Although it would be too simplistic to say that over the years the Indian community has been at war with traditional anthropologists (some of whom are, after all, natives themselves), the museum represents an affirmation of the native claim that they should not be seen as exhibit items, as objects to be analyzed, as curiosities in a cabinet of wonders. If there was a war, it's over, and the Indians won.
"We're not an anthropology museum. We're a museum of living cultures," says Pepper Henry, leading a visitor through the empty corridors earlier this month. "This is a venue for native peoples to tell their own story. You're not going to get the anthropological perspective."
The director, the spokesman, many curators and a majority of the members of the governing board are natives, and substantial portions of the three major permanent exhibits are co-curated by Indian tribes.
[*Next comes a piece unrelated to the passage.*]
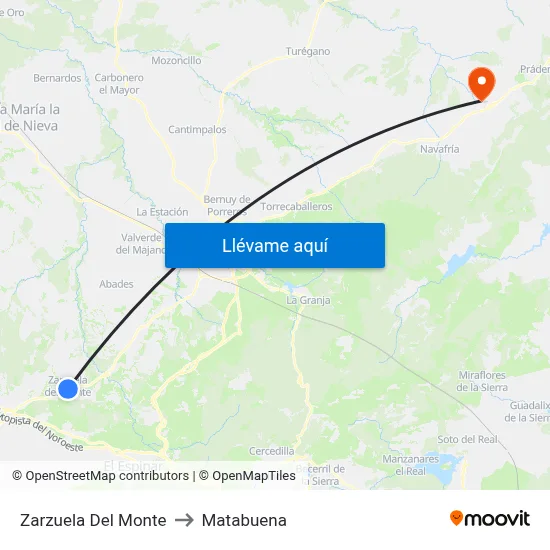 Zarzuela Del Monte to Matabuena map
Museum officials spent years traveling to what they call Indian Country, to consult with native people about how to make them full collaborators in the presentation of their stories.
The result is something triumphant for the people who trace their lineage to the first Americans. Many people, when they visit the National Museum of the American Indian, will enter a world they know little or nothing about. This is not a typical government museum full of artifacts. It's not a scientific, secular enterprise that speaks in an anonymous institutional voice. It has many voices, and they are native voices. It feels more like a cathedral than a museum.
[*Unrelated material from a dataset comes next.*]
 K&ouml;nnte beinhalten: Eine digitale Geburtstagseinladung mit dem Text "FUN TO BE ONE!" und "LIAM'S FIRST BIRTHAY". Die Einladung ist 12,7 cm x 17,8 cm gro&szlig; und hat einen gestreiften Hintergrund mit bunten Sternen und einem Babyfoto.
Walk inside, and you enter Indian Country.
Collecting and Giving Back
Anthropology is the study of human origins and culture, and ranges from linguistics to archaeology. Anthropologists roam from the present to the distant past, from the Information Age to the Stone Age. They gobble up data, connect cultural dots, listen to exotic tongues and attempt to push their observations through some kind of scientific filter. The Smithsonian Institution, one of the premier anthropological organizations in the world, has catalogued millions of native artifacts, from spears to skulls.
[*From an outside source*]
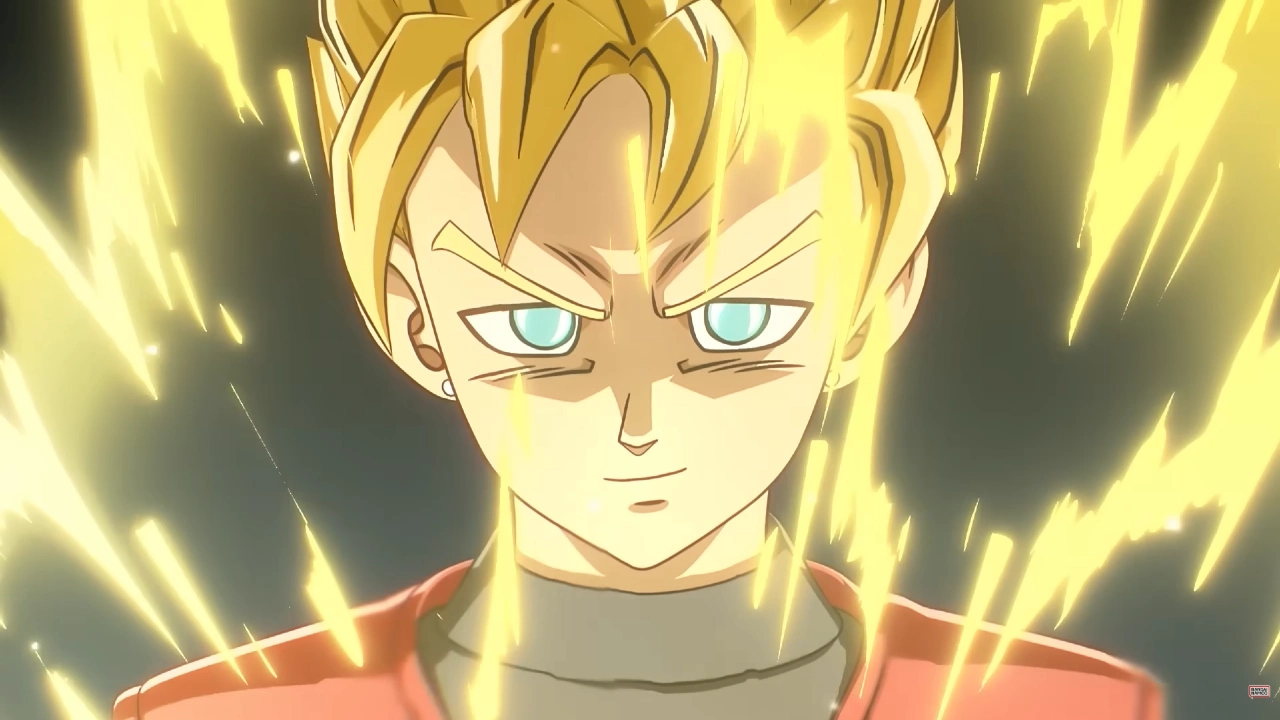 Imagem de personagem inédito de Dragon Ball em AGE 1000, com cabelo loiro em forma Super Saiyajin, olhos claros e aura dourada intensa ao redor do corpo.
But the National Museum of the American Indian has no anthropology department and likely never will. Gerald McMaster, a deputy assistant director for the museum and a Plains Cree, says, "Anthropology as a science is not practiced here."
Science, McMaster suggests, tries to impose an objective truth upon things that might not always lend themselves to such a framework. Science is not going to be the final arbiter at the museum. Says McMaster, "We look to the communities" -- the natives themselves -- "as authorities about who they are."
W. Richard West Jr., the museum's director (Southern Cheyenne), says: "We have, in a systematic, consistent, rigorous and scholarly way, attempted to put native peoples themselves, in their first-person voices, at the table of conversation about native peoples and native communities, past and present. That is a distinction as compared to what straight anthropologists might be doing."